Following the palaver over Muirfield’s initial failed vote to admit women members and the bumbling, confusing debacle at the US Open, which proved that golf not only has some bamboozling rules but often doesn’t know how to implement them effectively, the Royal & Ancient game sorely needed some positive PR after a series of crippling mishits. And, my goodness, it got it on Sunday. This was a finale that grandstands were invented for. In the midst of the Olympic mutterings and moanings during the week, there was plenty of talk about “growing the game” and using a variety of platforms, the Olympics included, to help generate an upsurge in participation.

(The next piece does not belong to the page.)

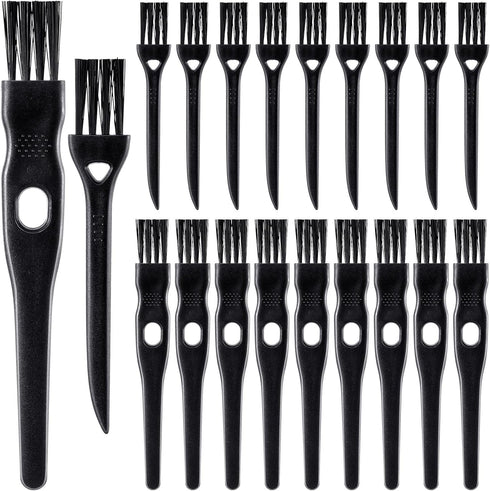 PAGOW 24 Pcs Electric Razor Cleaning Brush, Shaver Razor Clipper Cleaner Brush with Nylon Bristles, 2 Sizes (Black)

Stenson and Mickelson single-handedly did their bit to inspire, excite, engage and enthral in a way that only top level sport can. For the first time, the Open Championship was not on terrestrial television, and there will always be debate on whether moving such a marquee event to Sky will have an impact on the sport’s development. The avid golf fan, for instance, will always migrate to satellite with its bells and whistles approach. In that sense, it’s preaching to the converted. Meanwhile, the casual, once a year observer probably just enjoys the opportunity to have it on as a background companion interspersed with occasional murmurings of Peter Alliss’s meandering whimsy.

Viewed as the cash hungry ghoul who sold out to the devil, the Royal & Ancient, in the end, was left with little choice to take the Sky deal after the BBC, which had been gradually turning its back on golf anyway, pulled out of the bidding process and declared that its preferred option would be to broadcast only highlights. There was certainly plenty to shove in a glittering highlights package on Sunday but it was a shame that the masses could not see it all unfold live because this was a finish that deserved the widest possible audience.

Despite all the talk of golf’s young ‘Fab Four’ taking charge of the world order, it was a couple of older swingers in Troon who were moving and shaking at the top of the hit parade.

In this game for all the ages, the 40-somethings of Stenson and Mickelson produced a shoot-out for the ages.